We are all saddened by the recent death of Richard D. Amelar, MD on September 22, 2020, at the age of 93, at his home in New York City surrounded by his family. Dr. Amelar was an early pioneer in utilizing semen analysis and testicular biopsy in evaluating male fertility, mentoring many aspiring physicians and making major contributions in the field.

Richard was an inspirational leader in the field of male reproductive disorders, a pioneer in the earliest forays into the field and a generous supporter of young Andrologists coming into the field. He was my close friend for fifty years.

After completing medical school at New York University in 1950, Richard pursued a residency in Urology at the French Hospital and the Bellevue Medical Center both in New York City; all with the strong support of Dr. Robert Hotchkiss, Director of the Department of Urology. This afforded him the opportunity to work part time at the Margaret Sanger Research Bureau which was the first infertility clinic in the United States; one that actually evaluated both husband and wife together, a novel approach for that time. Dr. John MacLeod, Director of the Sanger Clinic laboratory, schooled in Scotland and a legendary pioneer in the techniques of semen analysis and testicular biopsy, mentored Richard providing him with the diagnostic tools necessary to make further advances in the field.

From 1954 – 1956, Richard, a Captain in the United States Air Force Medical Corps stationed in St John’s, Newfoundland, Canada, served as Chief of the Urology Service in the Northeast Air Command.

He then entered private practice in New York City and later Dr. Larry Dubin joined him. Richard was also active in teaching. He earned positions as Director of the Margaret Sanger Research Bureau Male Infertility Service, Director of the Department of Urology at French Hospital, and Professor of Clinical Urology at New York University School of Medicine.

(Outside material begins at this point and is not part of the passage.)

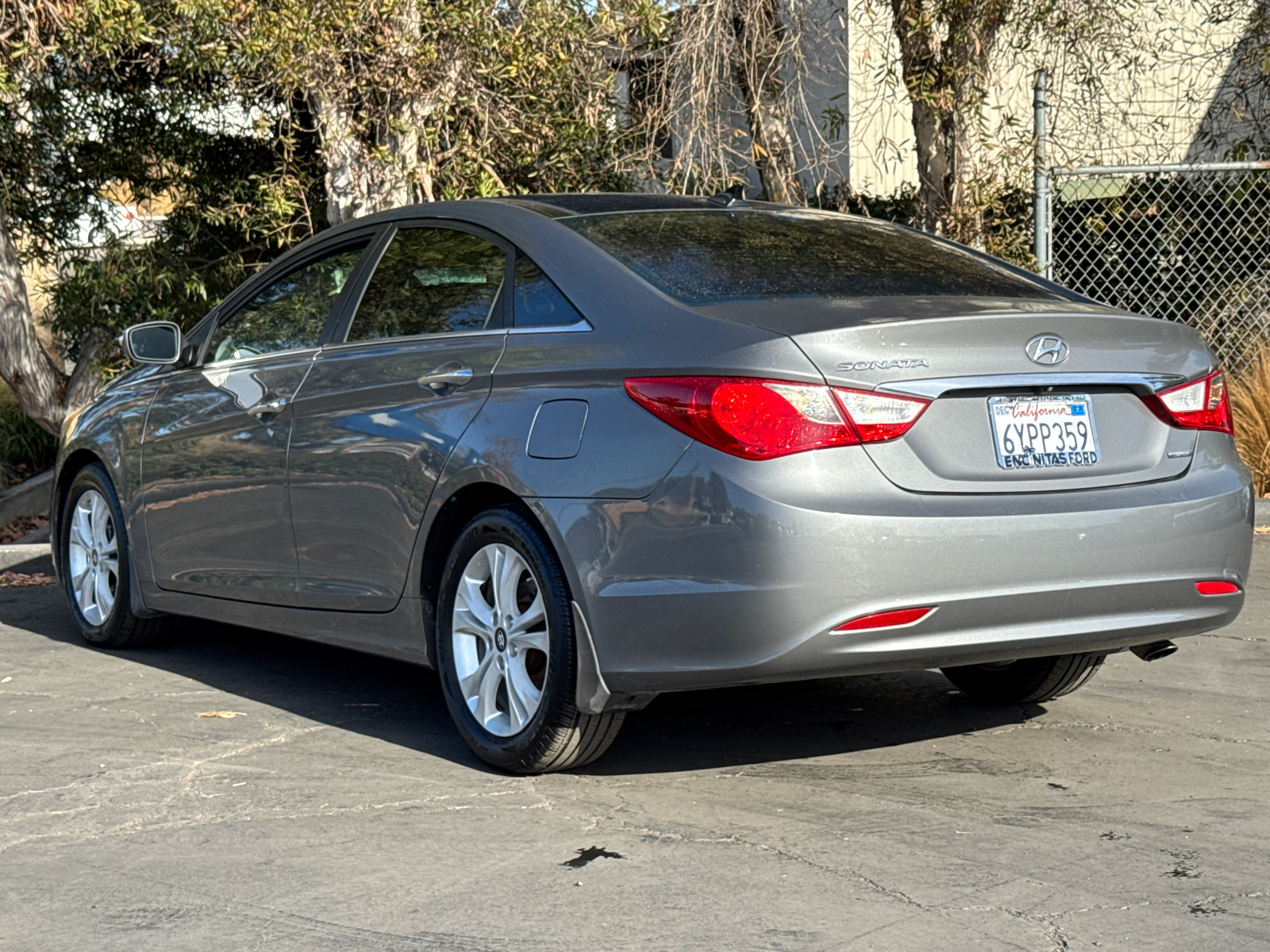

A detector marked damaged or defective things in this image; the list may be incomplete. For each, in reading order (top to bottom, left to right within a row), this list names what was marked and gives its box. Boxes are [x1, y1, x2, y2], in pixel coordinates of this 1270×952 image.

Despite a robust clinical practice, Dr. Amelar published more than 125 papers and book chapters that spanned several topics. These included: 1) the value of semen analysis; 2) the surgical management of men with obstructive azoospermia; 3) sexual issues that impact male fertility and 4) the negative impact of varicoceles on male fertility and the value of varicocelectomy. Notably, in 1966, he published his first book “Infertility in Men”, later four text books and then along with Dr Larry Dubin developed a classification system of varicoceles.

Dr. Amelar also sought to enlighten the Jewish community about the important relationship between sexual habits and ability to achieve pregnancy as well as ways for Jewish couples to enhance their fertility given some of the constraints imposed by strictly following orthodox Jewish Law.

For this large body of work and dedication to the field of Andrology, Richard Amelar was honored on a number of occasions. These included, among others, the “Bruce Stuart Lectureship from the American Urological Association (1990); the “Distinguished Andrologist Award” (American Society of Andrology, 1999); the Distinguished Service Award” (American Society of Reproductive Medicine, 2002); and the Jerome S. Coles “Distinguished Alumnus Award” (New York University, 2005).

He endeared many of us by his sincere interest in making a special effort to encourage young physicians to learn their craft well, to facilitate invitations to speak at scientific forums to enhance their visibility, and was never reluctant to refer his patients for a second opinion. These actions, along with the remarkable compassion he showed to his patients, are the wonderful and endearing traits of an accomplished and confident physician.

As young physicians emerged in the field of Andrology, he gave a unique silver sperm lapel-pin as a mark of distinction; an “Amelar Club” of sorts, that many of us share and appreciate on a very personal level.

He is survived by his wife of 67 years, Alice; three daughters, Jessica Amelar, Sarah Amelar, and Susanna Lodge; and three grandchildren Joseph, Hannah and Sam.

Richard Amelar was a wonderful, compassionate physician, inspiring mentor and dear friend. We will all miss him.